Caption-style text data:
________________________

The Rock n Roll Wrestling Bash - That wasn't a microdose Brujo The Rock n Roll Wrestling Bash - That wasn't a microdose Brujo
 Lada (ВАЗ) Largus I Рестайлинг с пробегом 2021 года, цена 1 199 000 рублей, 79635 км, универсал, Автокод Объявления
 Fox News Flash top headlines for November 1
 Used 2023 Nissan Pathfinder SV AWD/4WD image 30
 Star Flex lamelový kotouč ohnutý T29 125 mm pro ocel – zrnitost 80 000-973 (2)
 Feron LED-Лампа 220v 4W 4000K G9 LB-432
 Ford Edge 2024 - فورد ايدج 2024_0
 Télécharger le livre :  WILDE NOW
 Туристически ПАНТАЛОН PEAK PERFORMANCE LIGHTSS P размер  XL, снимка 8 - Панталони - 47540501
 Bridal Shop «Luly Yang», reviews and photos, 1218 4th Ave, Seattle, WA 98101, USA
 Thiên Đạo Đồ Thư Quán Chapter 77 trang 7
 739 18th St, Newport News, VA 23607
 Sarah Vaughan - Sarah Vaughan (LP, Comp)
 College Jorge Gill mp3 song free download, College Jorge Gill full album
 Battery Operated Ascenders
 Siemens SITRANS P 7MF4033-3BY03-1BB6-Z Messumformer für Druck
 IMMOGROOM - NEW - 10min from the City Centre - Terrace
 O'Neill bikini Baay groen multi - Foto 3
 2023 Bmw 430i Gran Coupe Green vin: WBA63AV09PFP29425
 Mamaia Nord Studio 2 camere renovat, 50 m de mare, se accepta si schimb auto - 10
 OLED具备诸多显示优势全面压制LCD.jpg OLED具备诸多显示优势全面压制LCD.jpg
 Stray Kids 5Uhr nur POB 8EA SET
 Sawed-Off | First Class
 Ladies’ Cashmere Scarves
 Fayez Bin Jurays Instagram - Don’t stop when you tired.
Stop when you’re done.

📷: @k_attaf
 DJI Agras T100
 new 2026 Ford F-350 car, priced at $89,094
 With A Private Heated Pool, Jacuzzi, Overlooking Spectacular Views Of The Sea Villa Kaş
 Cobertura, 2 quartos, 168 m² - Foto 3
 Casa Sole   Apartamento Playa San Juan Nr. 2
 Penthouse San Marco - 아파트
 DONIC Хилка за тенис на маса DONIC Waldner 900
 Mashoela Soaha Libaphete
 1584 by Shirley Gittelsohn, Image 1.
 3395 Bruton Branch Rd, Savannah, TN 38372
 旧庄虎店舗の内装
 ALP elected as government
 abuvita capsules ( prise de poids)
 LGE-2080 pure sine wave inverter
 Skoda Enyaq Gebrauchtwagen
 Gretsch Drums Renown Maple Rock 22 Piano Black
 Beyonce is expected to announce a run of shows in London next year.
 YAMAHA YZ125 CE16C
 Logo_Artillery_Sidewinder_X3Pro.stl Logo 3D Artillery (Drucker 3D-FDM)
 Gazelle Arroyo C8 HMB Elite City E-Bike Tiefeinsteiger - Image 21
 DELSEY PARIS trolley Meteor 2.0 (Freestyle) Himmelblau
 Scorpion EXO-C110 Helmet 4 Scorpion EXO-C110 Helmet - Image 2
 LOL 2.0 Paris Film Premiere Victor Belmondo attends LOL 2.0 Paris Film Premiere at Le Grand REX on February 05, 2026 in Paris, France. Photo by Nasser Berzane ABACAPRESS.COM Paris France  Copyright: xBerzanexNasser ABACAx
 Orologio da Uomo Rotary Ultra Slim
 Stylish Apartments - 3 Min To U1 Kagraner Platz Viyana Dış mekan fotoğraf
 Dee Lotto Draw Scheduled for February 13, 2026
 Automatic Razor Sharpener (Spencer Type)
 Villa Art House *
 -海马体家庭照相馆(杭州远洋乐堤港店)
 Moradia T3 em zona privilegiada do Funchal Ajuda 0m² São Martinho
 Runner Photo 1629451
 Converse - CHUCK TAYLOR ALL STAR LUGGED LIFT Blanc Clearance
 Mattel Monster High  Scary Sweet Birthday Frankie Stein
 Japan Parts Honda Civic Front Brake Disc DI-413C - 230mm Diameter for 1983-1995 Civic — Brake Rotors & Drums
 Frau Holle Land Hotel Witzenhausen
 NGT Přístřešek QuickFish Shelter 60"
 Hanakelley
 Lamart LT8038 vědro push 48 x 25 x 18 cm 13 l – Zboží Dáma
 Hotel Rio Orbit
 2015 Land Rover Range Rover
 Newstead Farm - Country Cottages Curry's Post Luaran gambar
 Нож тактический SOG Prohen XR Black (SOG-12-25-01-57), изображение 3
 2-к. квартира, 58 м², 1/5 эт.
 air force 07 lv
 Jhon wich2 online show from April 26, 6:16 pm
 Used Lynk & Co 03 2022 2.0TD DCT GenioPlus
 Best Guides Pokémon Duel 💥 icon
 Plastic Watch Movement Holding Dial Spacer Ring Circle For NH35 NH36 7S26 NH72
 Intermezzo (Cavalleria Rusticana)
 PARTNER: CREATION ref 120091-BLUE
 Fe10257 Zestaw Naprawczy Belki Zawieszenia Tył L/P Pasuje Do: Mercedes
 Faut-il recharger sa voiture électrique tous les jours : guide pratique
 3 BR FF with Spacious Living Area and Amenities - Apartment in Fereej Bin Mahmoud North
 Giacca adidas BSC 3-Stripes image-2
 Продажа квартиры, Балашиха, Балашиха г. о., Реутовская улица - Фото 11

________________________

§ Work order
Go through the records above, find each line with the string "February", and copy it.

§ Answer for this exercise
 LOL 2.0 Paris Film Premiere Victor Belmondo attends LOL 2.0 Paris Film Premiere at Le Grand REX on February 05, 2026 in Paris, France. Photo by Nasser Berzane ABACAPRESS.COM Paris France  Copyright: xBerzanexNasser ABACAx
 Dee Lotto Draw Scheduled for February 13, 2026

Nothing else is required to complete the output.